BEGIN Exercise data
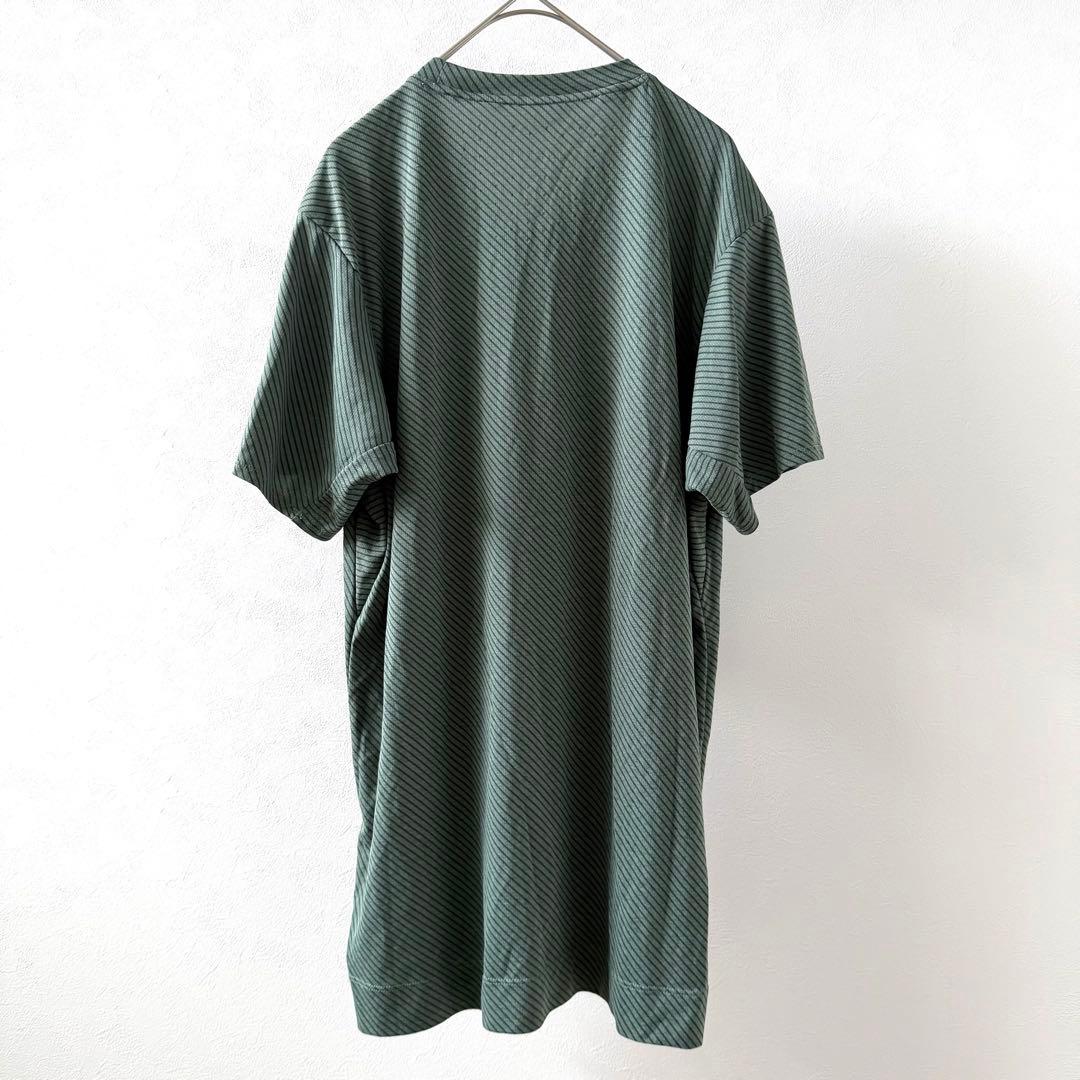 Adidas T-Shirts T Ciimachill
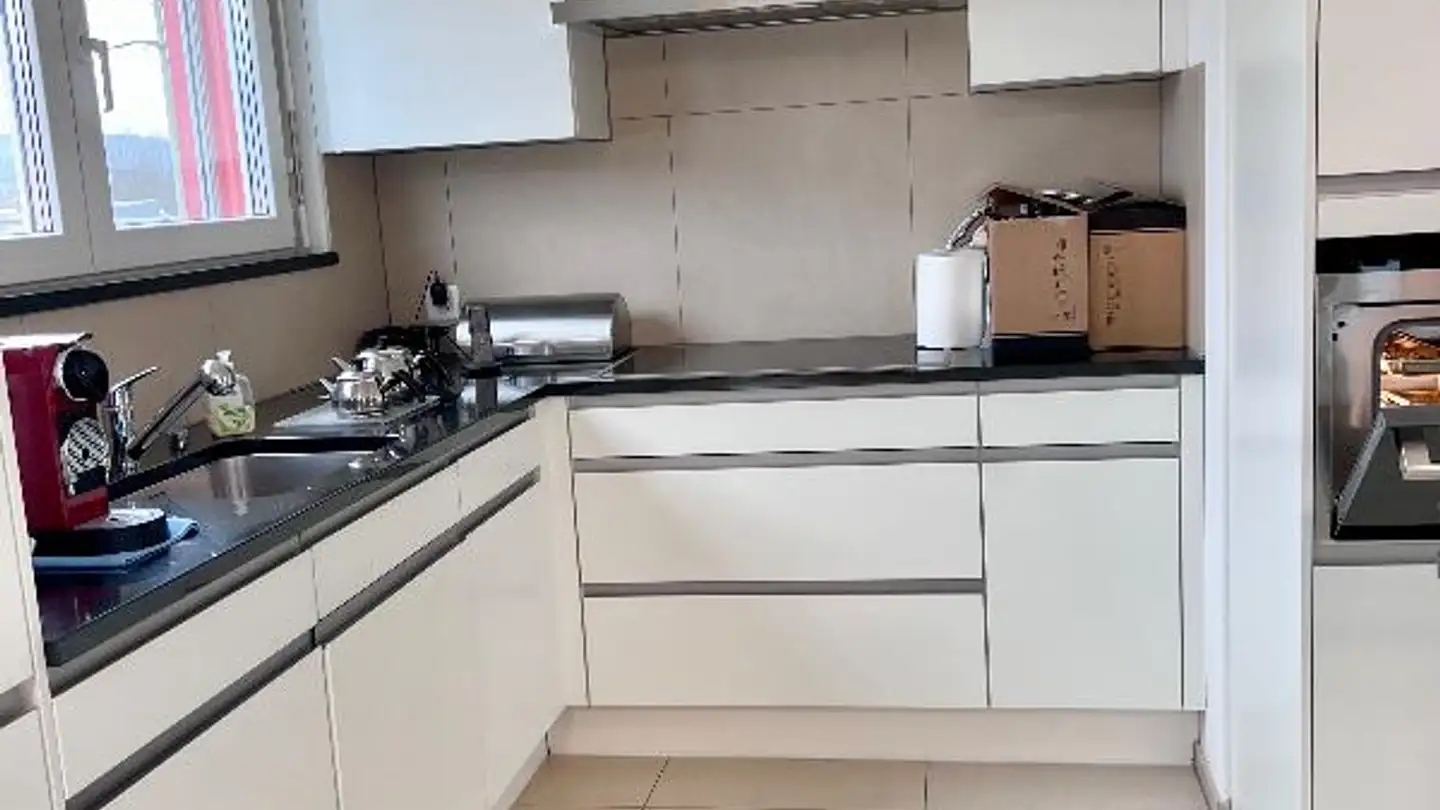 Loft for sale - Rue De Chaux 19, 2800 Delémont - Photo 4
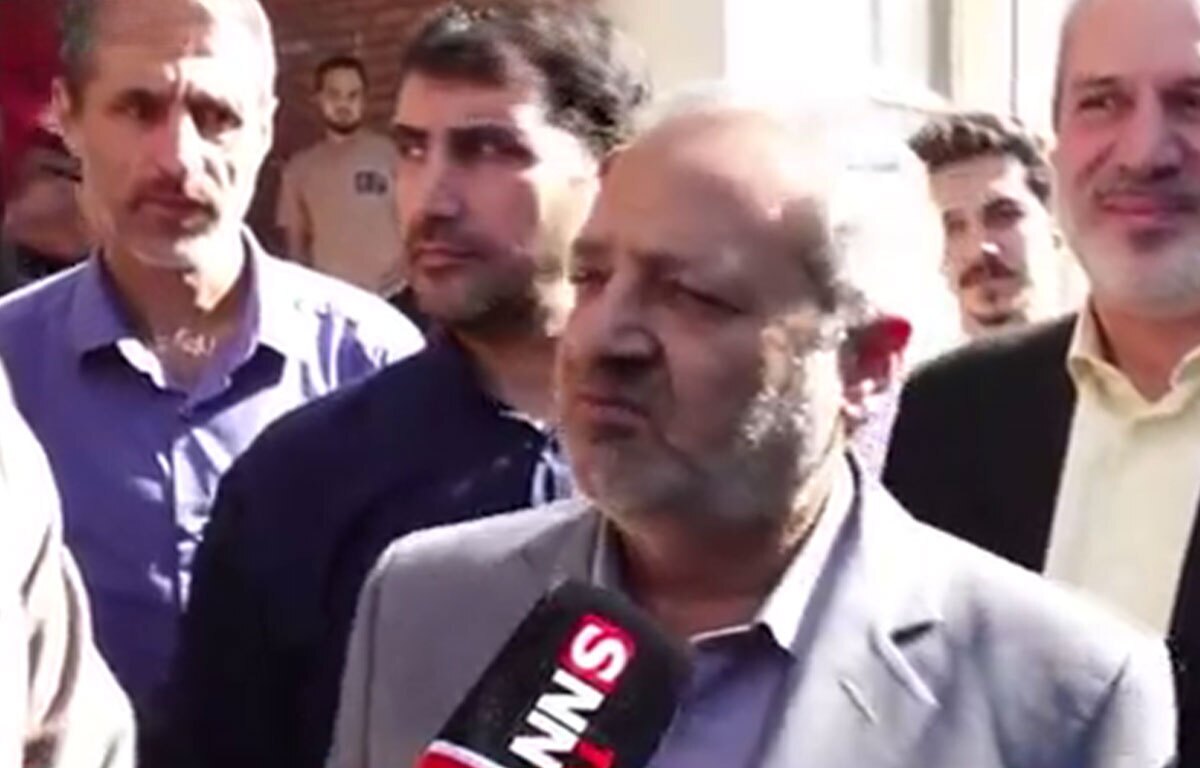 ۷۰ درصد دانش‌آموزان متوسطه در رشته‌های فنی و حرفه‌ای ساماندهی می‌شوند/ طرح توسعه دانشگاه تربیت دبیر شهید رجایی در دستور کار است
END Exercise data
> Exercise
Word for word, retype the material above without its pictures.

> Exercise output
 Adidas T-Shirts T Ciimachill
 Loft for sale - Rue De Chaux 19, 2800 Delémont - Photo 4
 ۷۰ درصد دانش‌آموزان متوسطه در رشته‌های فنی و حرفه‌ای ساماندهی می‌شوند/ طرح توسعه دانشگاه تربیت دبیر شهید رجایی در دستور کار است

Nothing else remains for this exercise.